[PATCH] Fix slow Patch counting query
Daniel Axtens
dja at axtens.net
Wed Mar 28 09:42:33 AEDT 2018
Stephen Finucane <stephen at that.guru> writes:
> On Fri, 2018-03-09 at 02:54 +1100, Daniel Axtens wrote:
>> Stephen Rothwell noticed (way back in September - sorry Stephen!) that
>> the following query is really slow on OzLabs:
>>
>> SELECT COUNT(*) AS "__count" FROM "patchwork_patch"
>> INNER JOIN "patchwork_submission" ON
>> ("patchwork_patch"."submission_ptr_id" = "patchwork_submission"."id")
>> WHERE ("patchwork_submission"."project_id" = 14 AND
>> "patchwork_patch"."state_id" IN
>> (SELECT U0."id" AS Col1 FROM "patchwork_state" U0
>> WHERE U0."action_required" = true
>> ORDER BY U0."ordering" ASC));
>>
>> I think this is really slow because we have to join the patch and
>> submission table to get the project id, which we need to filter the
>> patches.
>>
>> Duplicate the project id in the patch table itself, which allows us to
>> avoid the JOIN.
>>
>> The new query reads as:
>> SELECT COUNT(*) AS "__count" FROM "patchwork_patch"
>> WHERE ("patchwork_patch"."patch_project_id" = 1 AND
>> "patchwork_patch"."state_id" IN
>> (SELECT U0."id" AS Col1 FROM "patchwork_state" U0
>> WHERE U0."action_required" = true
>> ORDER BY U0."ordering" ASC));
>>
>> Very simple testing on a small, artifical Postgres instance (3
>> projects, 102711 patches), shows speed gains of ~1.5-5x for this
>> query. Looking at Postgres' cost estimates (EXPLAIN) of the first
>> query vs the second query, we see a ~1.75x improvement there too.
>>
>> I suspect the gains will be bigger on OzLabs.
>>
>> (It turns out all of this is all for the "| NN patches" counter we
>> added to the filter bar!!)
>>
>> Reported-by: Stephen Rothwell <sfr at canb.auug.org.au>
>> Signed-off-by: Daniel Axtens <dja at axtens.net>
>
> It's unfortunate that this has already merged. While it works, it
> defeats the whole point of the multi-table inheritance introduced in
> commit 86172ccc1 (normalization). To be honest, given the performance
> impacts that particular change introduced (which we're only seeing at
> scale), I'd rather denormalize the whole thing and fold the 'Patch' and
> 'CoverLetter' models back into 'Submission' and just use a 'type' field
> (or similar) to control behavior.
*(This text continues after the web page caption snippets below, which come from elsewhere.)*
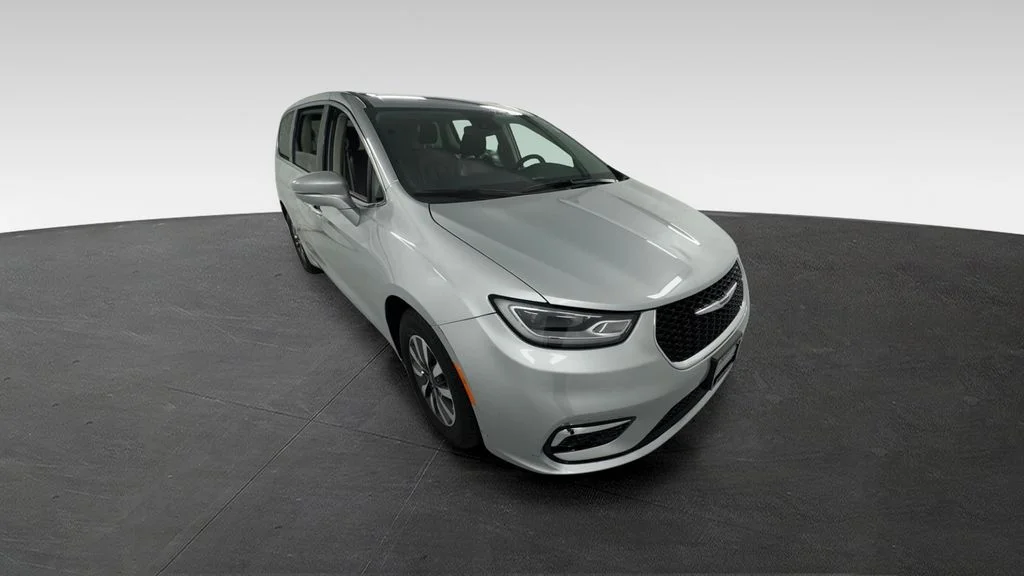 2022 Chrysler Pacifica Hybrid Touring L Hybrid's photo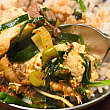 韓国では具材をご飯の上にのせて混ぜて食べるのが定番。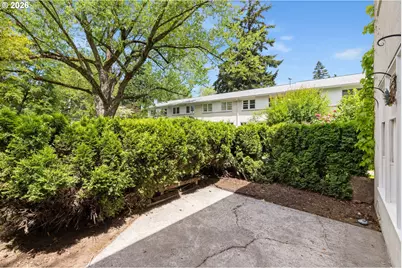 6811 NE Broadway, Portland, OR 97213 - Photo 17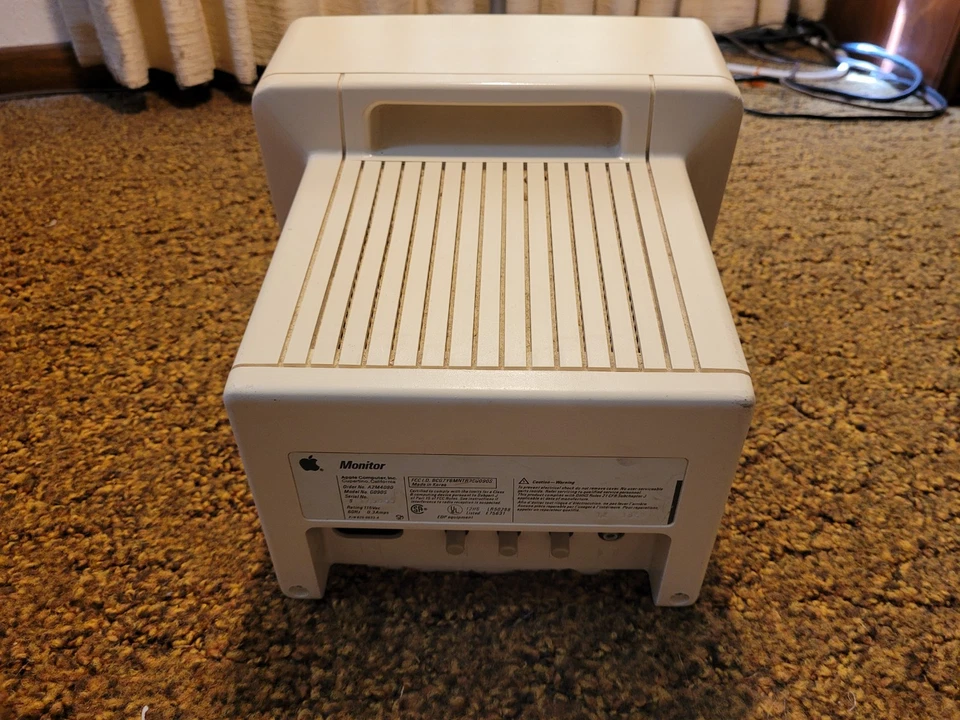 Apple IIc Computer Monitor G090S A2M4090 825-0633-A - Image 3 of 4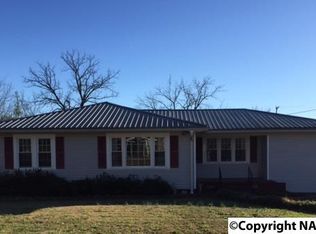 315 Hodges St, Scottsboro, AL 35768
Is there any reason not to do this?
I agree that would be a better conceptual solution. The reason I didn't
do it is because I tried a couple of times and couldn't get it all to
work, and I haven't had the time to really sit down and re-engineer it.
If you can get it to work I am happy to revert this and apply that; the
changes to the database schema aren't at all difficult to undo so any
brave souls running master won't be completely hosed.
Regards,
Daniel
> If not, I'd like to wait on 2.1 until we've done both this and the
> event fixes.
>
> Stephen
>
>> ---
>>
>> This requires a migration, so I don't think we can feasibly do it as a
>> stable update.
>>
>> I think we drop the patch counter for stable and try to get this and
>> the event stuff merged to master promptly, and just tag 2.1. (To that
>> end, I will re-read and finish reviewing the event stuff soon.)
>> ---
>> patchwork/migrations/0024_patch_patch_project.py | 39 ++++++++++++++++++++++++
>> patchwork/models.py | 4 +++
>> patchwork/parser.py | 1 +
>> patchwork/views/__init__.py | 2 +-
>> 4 files changed, 45 insertions(+), 1 deletion(-)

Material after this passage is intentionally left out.